* [PROVIDED DATA]
=== Begin Enclosure ===
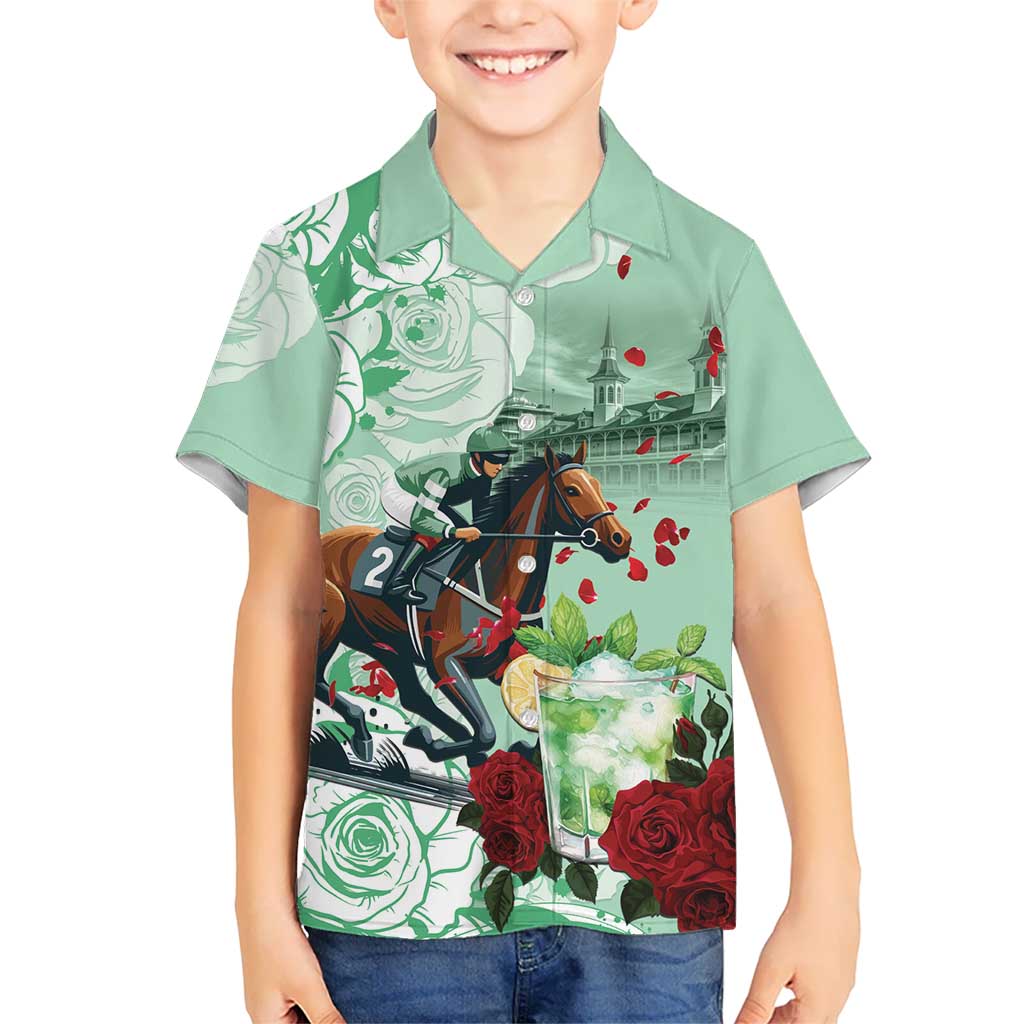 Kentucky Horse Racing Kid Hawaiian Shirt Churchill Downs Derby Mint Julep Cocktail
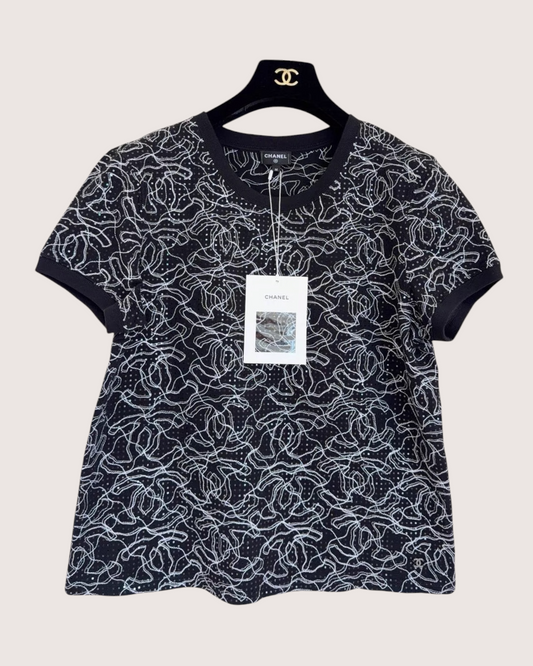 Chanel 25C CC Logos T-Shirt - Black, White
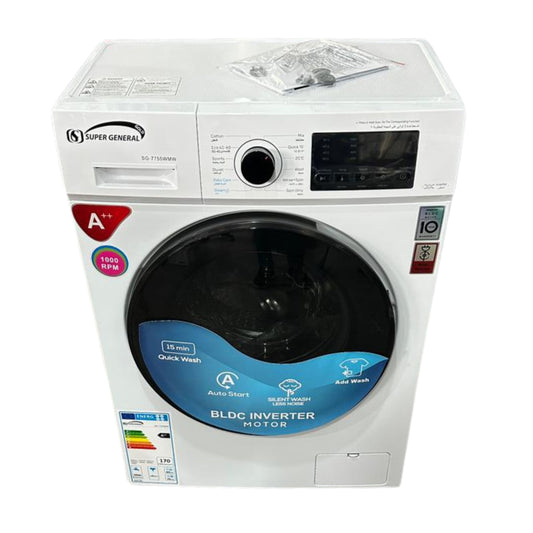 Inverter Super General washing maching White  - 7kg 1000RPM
=== End Enclosure ===
* [EXERCISE AIM] Extract the full listing above verbatim; pictures are to be left out of the copy.

* [THE ANSWER]
 Kentucky Horse Racing Kid Hawaiian Shirt Churchill Downs Derby Mint Julep Cocktail
 Chanel 25C CC Logos T-Shirt - Black, White
 Inverter Super General washing maching White  - 7kg 1000RPM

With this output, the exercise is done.